2018-03-22
Sailing through the clouds
In the two decades that i have been doing things on the internet, i have used many web hosts such as FortuneCity, Schlund+Partner, Strato, and 1und1. They were all good at the time i went to them to host my projects. They made my time easier by not having to worry about the technology behind the server. But eventually the performance was no longer adequate, and i had to move on. As you know, i downsized my webspace at the beginning of this year. But apparently, the Friedersdorf based web hosting service ALL-INKL can't handle my traffic and load at that price point, which is why i went to Amazon AWS and created a Lightsail instance for less money, but more performance.

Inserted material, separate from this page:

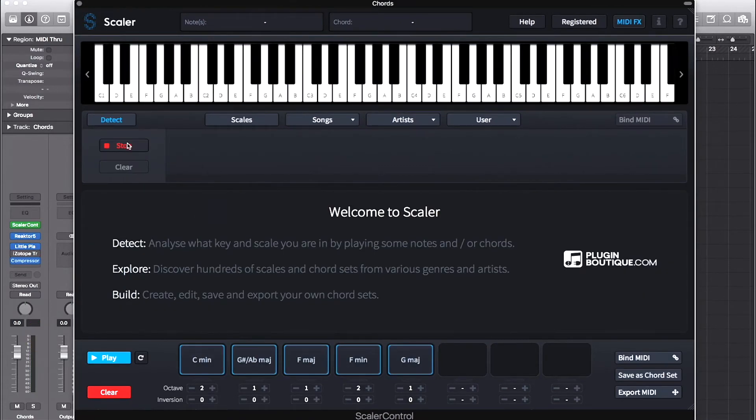Naturally, I can also play some chords and Scalar can detect them and tell me what scales and key they may belong to.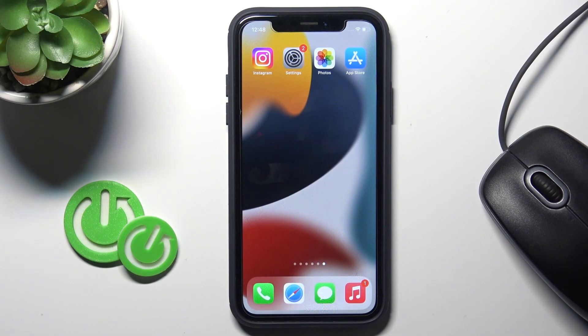Hello everyone. Here we've got Apple iPhone and let me show you how to activate starting mode on this iOS device.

Since i already had experience with running a Apache web server on Linux-based Debian and a headless Raspberry Pi, it was simple to set everything else up. After some hiccups with Ubuntu and an old LAMP stack, i got it all working. On the surface, it looks like nothing happened, but behind the scenes i changed many parts to make it appear like that. For example, i had to set up Cloudflare as DNS and Mailgun as MX record for some of my domain names, to make them keep pointing to the right direction. I also removed the logging of IP addresses to comply with GDPR.
Many years ago, i built and run a blog hosting service for a long time, among other things, like embeddable chat widgets. All written in Perl, from the very bottom, and without any framework. I learned a lot, during and after it. I became quite good in handling file-based databases, even with thousands of hits per hour, because of the techniques i developed to prevent too much load on the server. Later, i installed WordPress for publishing my own posts, instead of writing my own code in Perl. Because why reinventing the wheel, if no one cares anyway?
But i was never a PHP and MySQL person, because of the many external dependencies, which is why i now took the opportunity to write a "flat-file based blog" from scratch, just in case if i ever need to move somewhere else again, so i don't need to fumble around with things i don't enjoy, or don't have time for. FYI, the rooms in our rented apartment have on average three clocks, in almost every direction at least one, because my dad likes it. All pages here are now static HTML files, which were generated by a dynamic Perl script i wrote.